» Your goal
The lines from the start of the data through the line containing "Volvo EX30 Extended Range Core" are to be reproduced exactly, both ends included.
===== Exercise inputs =====
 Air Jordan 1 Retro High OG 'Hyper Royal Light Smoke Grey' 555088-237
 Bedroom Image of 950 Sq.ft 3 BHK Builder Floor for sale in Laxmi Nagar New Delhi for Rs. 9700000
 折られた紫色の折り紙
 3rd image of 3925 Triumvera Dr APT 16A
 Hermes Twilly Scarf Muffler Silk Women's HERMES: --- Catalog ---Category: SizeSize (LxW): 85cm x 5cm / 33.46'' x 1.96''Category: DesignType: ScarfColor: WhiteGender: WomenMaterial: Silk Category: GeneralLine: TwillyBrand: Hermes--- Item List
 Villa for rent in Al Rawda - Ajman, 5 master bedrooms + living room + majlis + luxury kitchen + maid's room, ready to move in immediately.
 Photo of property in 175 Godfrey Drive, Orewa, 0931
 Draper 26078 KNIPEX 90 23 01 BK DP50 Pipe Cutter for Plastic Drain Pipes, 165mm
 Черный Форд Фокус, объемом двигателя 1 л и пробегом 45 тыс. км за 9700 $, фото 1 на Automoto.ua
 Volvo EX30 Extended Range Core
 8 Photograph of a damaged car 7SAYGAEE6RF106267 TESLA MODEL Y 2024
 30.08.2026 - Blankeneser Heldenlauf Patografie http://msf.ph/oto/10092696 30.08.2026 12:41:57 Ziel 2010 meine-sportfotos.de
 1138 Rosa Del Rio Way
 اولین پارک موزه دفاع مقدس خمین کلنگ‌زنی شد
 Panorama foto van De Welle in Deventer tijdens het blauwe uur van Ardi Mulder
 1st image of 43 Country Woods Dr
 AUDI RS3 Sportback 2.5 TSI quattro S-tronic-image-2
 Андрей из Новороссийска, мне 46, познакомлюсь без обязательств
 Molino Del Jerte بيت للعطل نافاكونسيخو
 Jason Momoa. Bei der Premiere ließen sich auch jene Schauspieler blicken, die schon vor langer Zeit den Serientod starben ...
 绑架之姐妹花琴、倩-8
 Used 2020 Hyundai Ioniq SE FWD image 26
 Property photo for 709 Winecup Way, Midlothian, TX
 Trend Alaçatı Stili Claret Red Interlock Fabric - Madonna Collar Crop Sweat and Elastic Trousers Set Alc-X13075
=====
» The answer
 Air Jordan 1 Retro High OG 'Hyper Royal Light Smoke Grey' 555088-237
 Bedroom Image of 950 Sq.ft 3 BHK Builder Floor for sale in Laxmi Nagar New Delhi for Rs. 9700000
 折られた紫色の折り紙
 3rd image of 3925 Triumvera Dr APT 16A
 Hermes Twilly Scarf Muffler Silk Women's HERMES: --- Catalog ---Category: SizeSize (LxW): 85cm x 5cm / 33.46'' x 1.96''Category: DesignType: ScarfColor: WhiteGender: WomenMaterial: Silk Category: GeneralLine: TwillyBrand: Hermes--- Item List
 Villa for rent in Al Rawda - Ajman, 5 master bedrooms + living room + majlis + luxury kitchen + maid's room, ready to move in immediately.
 Photo of property in 175 Godfrey Drive, Orewa, 0931
 Draper 26078 KNIPEX 90 23 01 BK DP50 Pipe Cutter for Plastic Drain Pipes, 165mm
 Черный Форд Фокус, объемом двигателя 1 л и пробегом 45 тыс. км за 9700 $, фото 1 на Automoto.ua
 Volvo EX30 Extended Range Core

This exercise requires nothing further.